Keras ImageDataGenerator with flow, Got ValueError: `x` (images tensor) and `y` (labels) should have-CodePudding

I'm working out the CNN course on Coursera, and as I try to solve the assignment notebook, this is the error thrown at me.

ValueError: `x` (images tensor) and `y` (labels) should have the same length. Found: x.shape = (27455, 28, 28, 1), y.shape = (7172, 28, 28, 1)

But aren't they of the same length? (the dimension that is.) The following is my code block that is creating the issue:

# GRADED FUNCTION: train_val_generators
def train_val_generators(training_images, training_labels, validation_images, validation_labels):
  """
  Creates the training and validation data generators
  
  Args:
    training_images (array): parsed images from the train CSV file
    training_labels (array): parsed labels from the train CSV file
    validation_images (array): parsed images from the test CSV file
    validation_labels (array): parsed labels from the test CSV file
    
  Returns:
    train_generator, validation_generator - tuple containing the generators
  """
  ### START CODE HERE

  # In this section, you will have to add another dimension to the data
  # So, for example, if your array is (10000, 28, 28)
  # You will need to make it (10000, 28, 28, 1)
  # Hint: np.expand_dims

  training_images = np.expand_dims(training_images, axis=3)
  validation_images = np.expand_dims(validation_images, axis=3)

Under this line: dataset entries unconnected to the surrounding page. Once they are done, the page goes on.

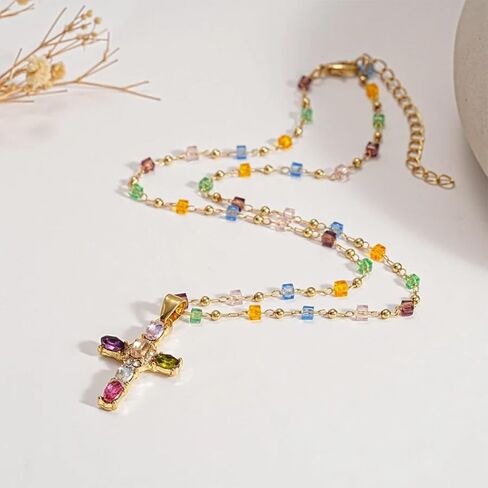 Rainbow Cross Pendant Necklace - Colorful Shiny Rhinestones, Dainty Christian Jewelry for Women in Saudi Arabia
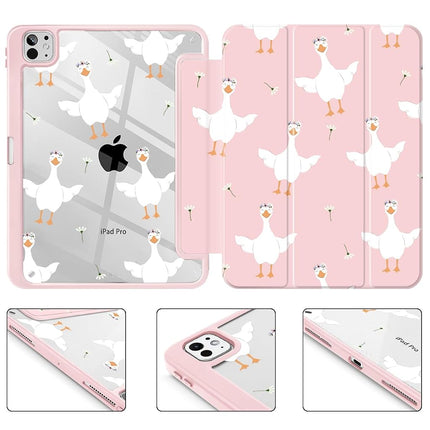May Chen for iPad Pro 13 Inch Case M5 2025 / M4 2024, Built Pencil Holder & Clear Transparent Print Back Shell Slim Stand Shockproof Tablet Cover, Auto Wake/Sleep, Goose Flower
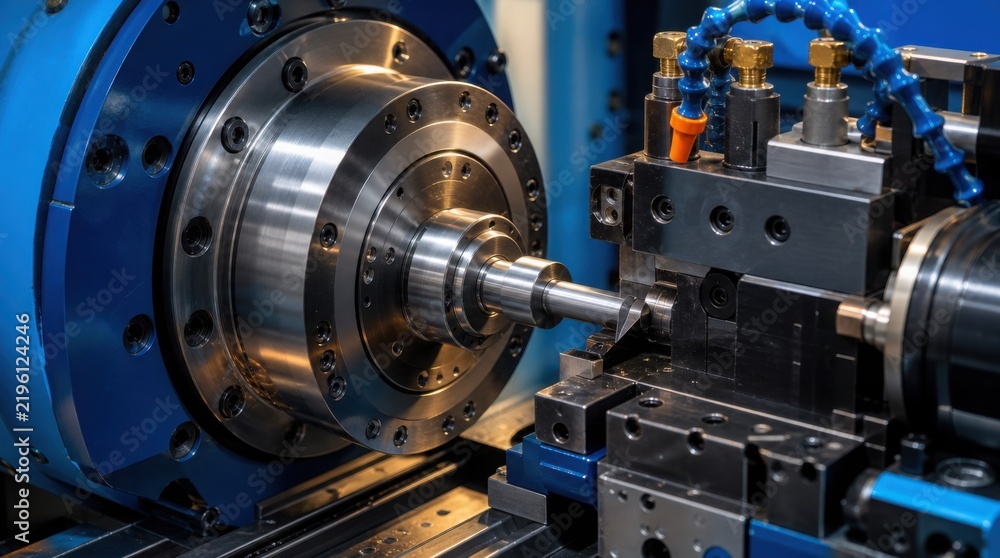 Fototapeta premium Precision CNC lathe machine shaping a metal cylindrical component in an industrial setting.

  print(training_images.shape)
  print(validation_images.shape)

  

  # Instantiate the ImageDataGenerator class 
  # Don't forget to normalize pixel values 
  # and set arguments to augment the images (if desired)
  train_datagen = ImageDataGenerator(
    # Your Code Here
    rescale = 1./255,
    rotation_range = 40,
    width_shift_range = 0.2,
    height_shift_range = 0.2,
    shear_range = 0.2,
    zoom_range = 0.2,
    horizontal_flip = True,
    fill_mode = 'nearest'
    )


  # Pass in the appropriate arguments to the flow method
  train_generator = train_datagen.flow(x=training_images,
                                       y=validation_images,
                                       batch_size=32) 

  
  # Instantiate the ImageDataGenerator class (don't forget to set the rescale argument)
  # Remember that validation data should not be augmented
  validation_datagen = ImageDataGenerator(
      rescale = 1./255
  )

  # Pass in the appropriate arguments to the flow method
  validation_generator = validation_datagen.flow(x=training_images,
                                                 y=validation_images,
                                                 batch_size=32) 

  ### END CODE HERE

  return train_generator, validation_generator

After running this cell, it's working fine and adding an extra dimension to my images. The following code cell raises the above-mentioned issue.

# Test your generators
train_generator, validation_generator = train_val_generators(training_images, training_labels, validation_images, validation_labels)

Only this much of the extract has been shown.